With such a paucity of religious art, portraiture predominates. This is often lively and engaging, especially in its most eccentric manifestations – Jacob Huysmans’ Duke of Monmouth (c1662-5) as the slightly heavier-set brother of Caravaggio’s St John, or Henri Gascar’s Duke of York (1672-3) as a peacocking Roman general. The stories that animate these portraits are often absent. The excellent Charles II: Art and Power, a Royal Collection Trust exhibition that first opened at London’s ostensibly conservative-minded Queen’s Gallery in 2017,  did not stint from the political controversies of the time, nor the salacious liaisons of the Restoration court. It is curious to find the Tate’s take on the period so comparatively polite.

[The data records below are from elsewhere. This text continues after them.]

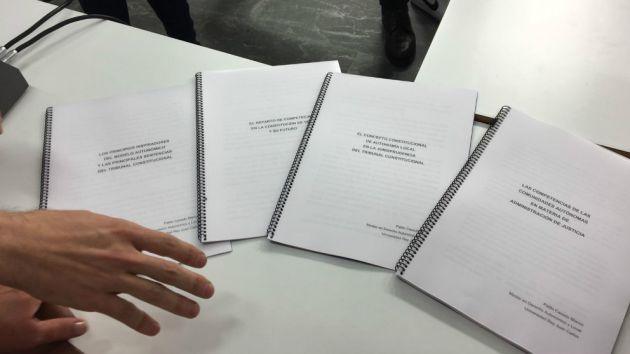 Las portadas de los cuatro trabajos que enseño Pablo Casado Las portadas de los cuatro trabajos que enseño Pablo Casado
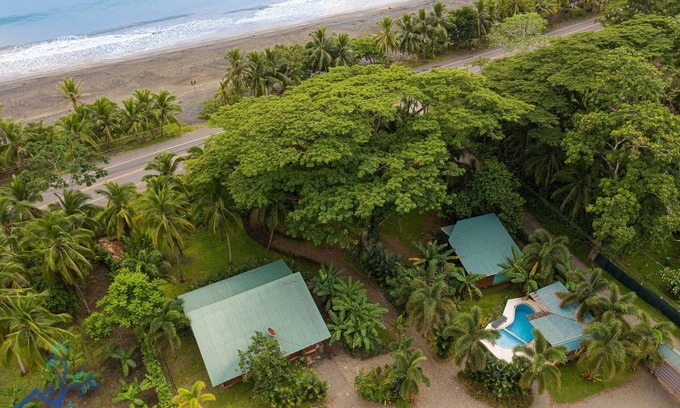 Puerto Viejo de Talamanca Ski Chalet | Beachfront Villas Puerto Viejo with AC & Pool!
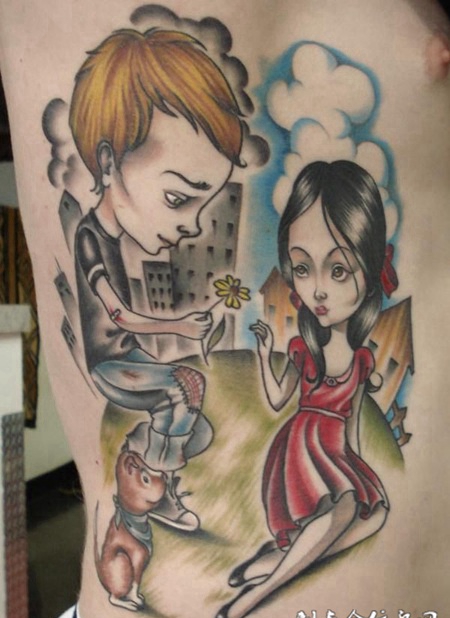 后背上的求婚娃娃的纹身图案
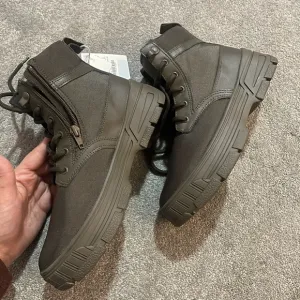 Zara big boys winter boots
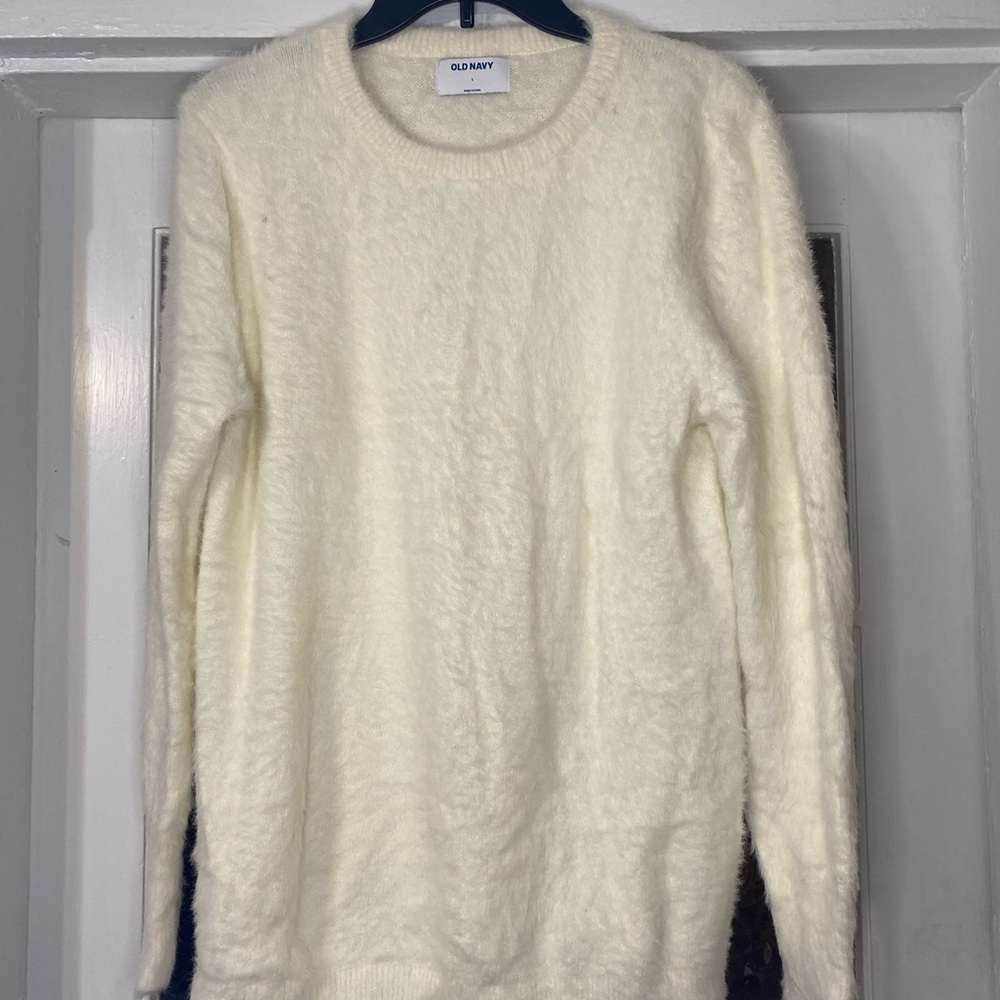 Size large old navy sweater, white/off white, it’s so comfy!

After the Glorious Revolution, Parliament rose in prominence and the power of the monarchy abated. The last two rooms of the exhibition deal with the second half of the chosen period. The earlier splendour gives way to sober military scenes and dour politicians; squint and you could be in the National Portrait Gallery. There are moments of elevation: Kneller’s teasing, poised double portrait of Sarah Churchill, Duchess of Marlborough playing cards with Viscountess Fitzharding is a late highlight. Yet at this point, we seem a long away from the high baroque of Verrio and Gennari, with little enlightenment on how we arrived there. This is the Tate’s first ever exhibition devoted to this epoch, and it makes a strong case for a greater understanding of it. But you won’t necessarily find that understanding here.